The Local Author Series continues on Feb. 20 at 6:30 p.m. with Peter Arenstam, author of "The Mighty Mastiff of the Mayflower." Arenstam was born in Westfield but grew up in Plymouth. Currently, he is director of Massachusetts Bay Maritime Artisans in Kingston. He teaches boat building for adults and children and organizes an annual maritime lecture series.

"Our goal for the author series is to provide new authors with the opportunity to promote their work, exposure to the community at large, and a chance to share the love of literature," Joyce Peregrin, public services librarian, said. "Peter Arenstam's presentation is being conducted during school vacation week and we hope that families take advantage of this wonderful family evening event."

Peregrin noted that the Westfield Athenaeum has always had an interest in providing the residents of Westfield with alternative quality programming. The Athenaeum offers a lecture series, adult summer reading program, April poetry competition, book discussions, technology instruction and a First Thursday Concert Series.

"Our goal was to build on our past successful programs by implementing a film series and a new local author program," Peregrin said.

She encourages area residents to suggest ideas for future programs by contacting one of the public service librarians at 568-7833, or by emailing her at jperegrin@westath.org or Cher Collins at ccollins@westath.org. Authors interested in participating in the series can also contact Peregrin or Collins for more information.

In addition to the new author series, the Athenaeum launches a Spring Film Series Books to Screen on Feb. 25 with "Extremely Loud and Incredibly Close," followed by "Argo" on March 18, "Life of Pi" on April 15, and "Lincoln" on May 20. All programs begin at 6 p.m. and are free of charge. Light refreshments will be served.

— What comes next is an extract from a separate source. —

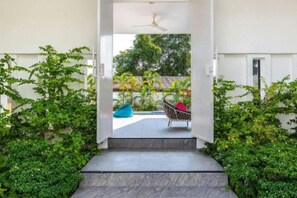 A pathway leading to a seating area with a ceiling fan, surrounded by greenery. - Villa Lady Blue, 3 Bedrooms (Koh Samui)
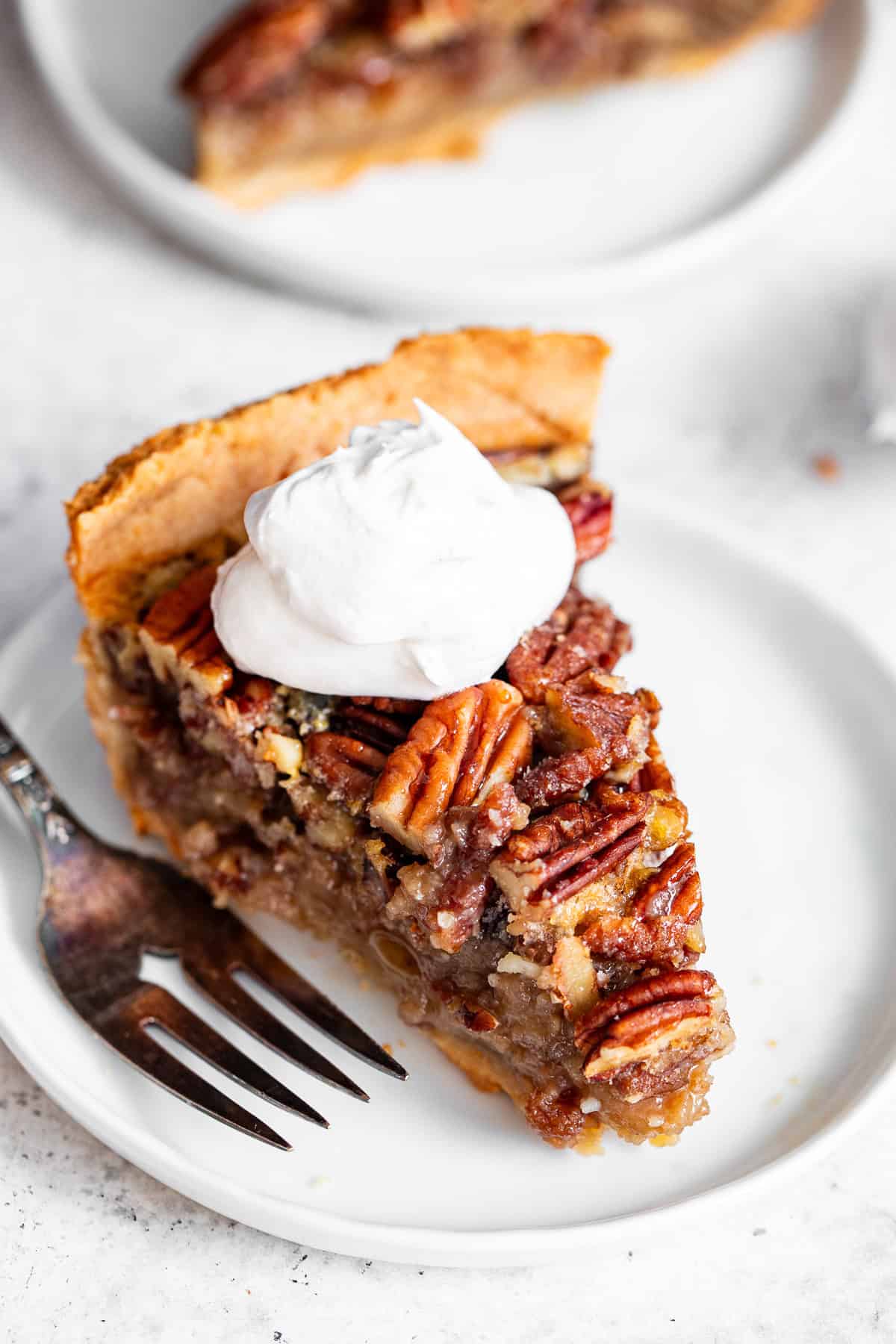 Slice of paleo pecan pie with maple filling and whipped cream on a white plate.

"Human Rights/Labor Rights," an international labor poster exhibit assembled by Stephen Lewis, is also currently on view through Jan. 29 in the Jasper Rand Art Gallery. The project is supported in part by donations from Asbestos Workers Local 6 and the Boston Carmen's Union.

Additionally, Peregrin noted that as World Book Night fast approaches on April 23, the deadline to apply to participate is Jan. 23.

"Apply now so you can be part of this great campaign to give free books to light or non-readers on April 23, Shakespeare's birthday," she said. Persons interested in spreading the joy of reading, person to person, must apply at www.worldbooknight.org.

"Be ready with your thoughts about where you'd go in your community to personally hand out books," she said. "Where you go is crucial, and there's plenty to read up and learn about World Book Night at our website."